*Aim of the exercise*: Scan the entries for the word "Touring", and copy every line where it appears.

==== Dataset records

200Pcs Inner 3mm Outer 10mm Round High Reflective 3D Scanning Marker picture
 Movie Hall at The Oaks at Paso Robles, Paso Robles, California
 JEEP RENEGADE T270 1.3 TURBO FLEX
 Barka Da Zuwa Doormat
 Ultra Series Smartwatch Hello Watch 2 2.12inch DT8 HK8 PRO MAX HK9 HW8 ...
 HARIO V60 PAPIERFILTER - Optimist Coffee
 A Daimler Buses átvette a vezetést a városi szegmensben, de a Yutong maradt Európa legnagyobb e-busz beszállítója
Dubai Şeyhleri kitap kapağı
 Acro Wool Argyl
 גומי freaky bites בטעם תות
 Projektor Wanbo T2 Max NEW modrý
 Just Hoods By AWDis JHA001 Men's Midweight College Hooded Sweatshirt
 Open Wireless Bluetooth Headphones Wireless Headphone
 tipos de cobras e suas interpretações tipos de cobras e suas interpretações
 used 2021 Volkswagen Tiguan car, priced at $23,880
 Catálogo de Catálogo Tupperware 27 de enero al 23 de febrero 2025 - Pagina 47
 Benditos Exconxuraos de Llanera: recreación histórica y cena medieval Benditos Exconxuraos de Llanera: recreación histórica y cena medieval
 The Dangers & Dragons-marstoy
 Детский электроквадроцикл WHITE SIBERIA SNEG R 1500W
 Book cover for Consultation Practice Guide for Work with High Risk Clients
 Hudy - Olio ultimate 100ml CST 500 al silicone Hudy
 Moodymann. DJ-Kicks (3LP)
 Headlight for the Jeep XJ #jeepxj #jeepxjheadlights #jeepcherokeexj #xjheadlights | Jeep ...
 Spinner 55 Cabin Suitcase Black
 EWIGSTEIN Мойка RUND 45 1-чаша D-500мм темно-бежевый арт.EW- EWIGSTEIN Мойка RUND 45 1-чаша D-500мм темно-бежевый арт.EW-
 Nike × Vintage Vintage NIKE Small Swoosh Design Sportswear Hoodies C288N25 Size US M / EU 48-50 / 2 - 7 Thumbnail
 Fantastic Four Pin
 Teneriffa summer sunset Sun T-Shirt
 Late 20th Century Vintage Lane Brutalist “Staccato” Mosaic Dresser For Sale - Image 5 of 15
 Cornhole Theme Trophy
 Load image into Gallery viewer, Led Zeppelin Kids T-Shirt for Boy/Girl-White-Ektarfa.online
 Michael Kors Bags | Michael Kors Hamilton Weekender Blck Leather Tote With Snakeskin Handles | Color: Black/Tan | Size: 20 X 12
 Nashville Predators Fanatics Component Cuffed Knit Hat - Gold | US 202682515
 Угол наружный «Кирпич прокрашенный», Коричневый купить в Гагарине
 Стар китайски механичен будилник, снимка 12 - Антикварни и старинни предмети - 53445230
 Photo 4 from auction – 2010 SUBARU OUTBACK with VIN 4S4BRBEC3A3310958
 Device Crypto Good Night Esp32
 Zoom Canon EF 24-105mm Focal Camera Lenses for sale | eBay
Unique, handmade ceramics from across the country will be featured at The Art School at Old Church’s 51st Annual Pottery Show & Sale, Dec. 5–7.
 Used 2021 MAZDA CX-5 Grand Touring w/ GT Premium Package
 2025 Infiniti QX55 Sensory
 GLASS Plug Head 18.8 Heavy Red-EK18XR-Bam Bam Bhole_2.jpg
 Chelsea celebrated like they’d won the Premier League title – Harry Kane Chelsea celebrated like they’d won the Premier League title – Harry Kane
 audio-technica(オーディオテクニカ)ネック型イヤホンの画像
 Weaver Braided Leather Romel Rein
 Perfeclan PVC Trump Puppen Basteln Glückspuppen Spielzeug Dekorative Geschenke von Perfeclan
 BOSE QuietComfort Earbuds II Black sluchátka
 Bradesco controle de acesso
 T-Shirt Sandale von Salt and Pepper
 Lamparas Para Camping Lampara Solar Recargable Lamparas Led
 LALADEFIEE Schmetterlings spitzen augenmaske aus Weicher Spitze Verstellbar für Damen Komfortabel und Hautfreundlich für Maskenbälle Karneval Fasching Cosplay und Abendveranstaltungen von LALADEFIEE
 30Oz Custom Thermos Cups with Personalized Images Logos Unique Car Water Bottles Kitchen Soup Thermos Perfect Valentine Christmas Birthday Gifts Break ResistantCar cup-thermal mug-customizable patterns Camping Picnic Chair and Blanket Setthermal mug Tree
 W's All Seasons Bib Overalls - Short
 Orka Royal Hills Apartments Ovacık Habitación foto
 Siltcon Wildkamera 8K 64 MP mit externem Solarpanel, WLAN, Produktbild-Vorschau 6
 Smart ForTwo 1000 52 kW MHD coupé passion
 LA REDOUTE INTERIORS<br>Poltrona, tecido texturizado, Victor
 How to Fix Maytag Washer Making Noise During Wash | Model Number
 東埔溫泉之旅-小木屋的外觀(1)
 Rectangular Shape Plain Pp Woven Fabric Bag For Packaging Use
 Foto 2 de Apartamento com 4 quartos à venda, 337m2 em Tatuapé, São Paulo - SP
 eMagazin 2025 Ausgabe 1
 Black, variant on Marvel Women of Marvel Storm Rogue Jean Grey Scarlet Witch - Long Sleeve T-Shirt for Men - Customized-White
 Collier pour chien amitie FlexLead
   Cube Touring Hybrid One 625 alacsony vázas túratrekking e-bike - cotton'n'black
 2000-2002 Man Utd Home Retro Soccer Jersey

========

*Task response*:
 Used 2021 MAZDA CX-5 Grand Touring w/ GT Premium Package
   Cube Touring Hybrid One 625 alacsony vázas túratrekking e-bike - cotton'n'black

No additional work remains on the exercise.